In connection with our proposed plan to separate our gaming operating assets and real property assets into two publicly traded companies through a tax-free spin-off of our real estate assets to holders of our common stock, an affiliate of Fortress Investment Group, owners of approximately $975 million or 79.4% of the Preferred Stock, has entered into an agreement to exchange their Preferred Stock for non-voting common stock or equivalents at a price of $67 per share or 14.6 million non-voting common shares or equivalents. The non-voting common shares or equivalents would convert to Penn National Gaming's voting common shares upon sale to a third party. Fortress may exchange its Preferred Stock for non-voting common shares or equivalents at any time, but if Fortress does not fully exercise its exchange right prior to the spin-off, any remaining Preferred Stock will automatically be converted into non-voting common shares or equivalents. In addition, Fortress may either divest 6.7 million of its 14.6 million non-voting Penn National Gaming common shares or equivalents prior to the spin-off, or, if it does not, Penn National Gaming has the right to repurchase the undisposed share for $67 per share.

In addition, the Company has signed an agreement with Centerbridge Capital Partners, LP, pursuant to which the Company will repurchase their Preferred Stock at par in advance of the spin-off. The Company also expects to repurchase the Preferred Stock of the remaining preferred shareholder at, or slightly below, par.

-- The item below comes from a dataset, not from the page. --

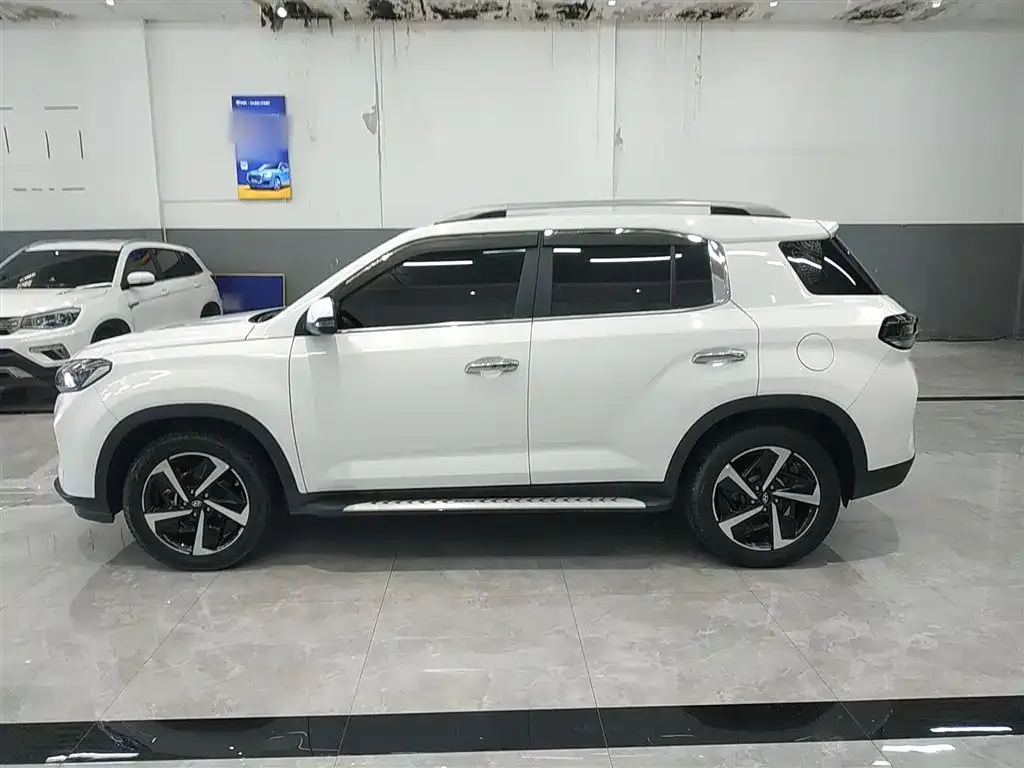 Hyundai ix35 2021 из CN, фото 5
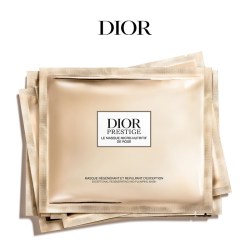 Dior 花秘瑰萃紧致修护面膜 28ml*6片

Reconciliation of Non-GAAP Measures to GAAP

Adjusted EBITDA, or earnings before interest, taxes, stock compensation, insurance recoveries and deductible charges, depreciation and amortization, gain or loss on disposal of assets, and other income or expenses, and inclusive of gain or loss from unconsolidated affiliates, is not a measure of performance or liquidity calculated in accordance with GAAP. Adjusted EBITDA information is presented as a supplemental disclosure, as management believes that it is a widely used measure of performance in the gaming industry. In addition, management uses adjusted EBITDA as the primary measure of the operating performance of its segments, including the evaluation of operating personnel. Adjusted EBITDA should not be construed as an alternative to operating income, as an indicator of the Company's operating performance, as an alternative to cash flows from operating activities, as a measure of liquidity, or as any other measure of performance determined in accordance with GAAP. The Company has significant uses of cash flows, including capital expenditures, interest payments, taxes and debt principal repayments, which are not reflected in adjusted EBITDA. It should also be noted that other gaming companies that report adjusted EBITDA information may calculate adjusted EBITDA in a different manner than the Company. Adjusted EBITDA is presented as a supplemental disclosure, as management believes that it is a principal basis for the valuation of gaming companies, as this measure is considered by many to be a better indicator of the Company's operating results than diluted net income (loss) per GAAP. A reconciliation of the Company's adjusted EBITDA to net income (loss) per GAAP, as well as the Company's adjusted EBITDA to income (loss) from operations per GAAP, is included in the accompanying financial schedules.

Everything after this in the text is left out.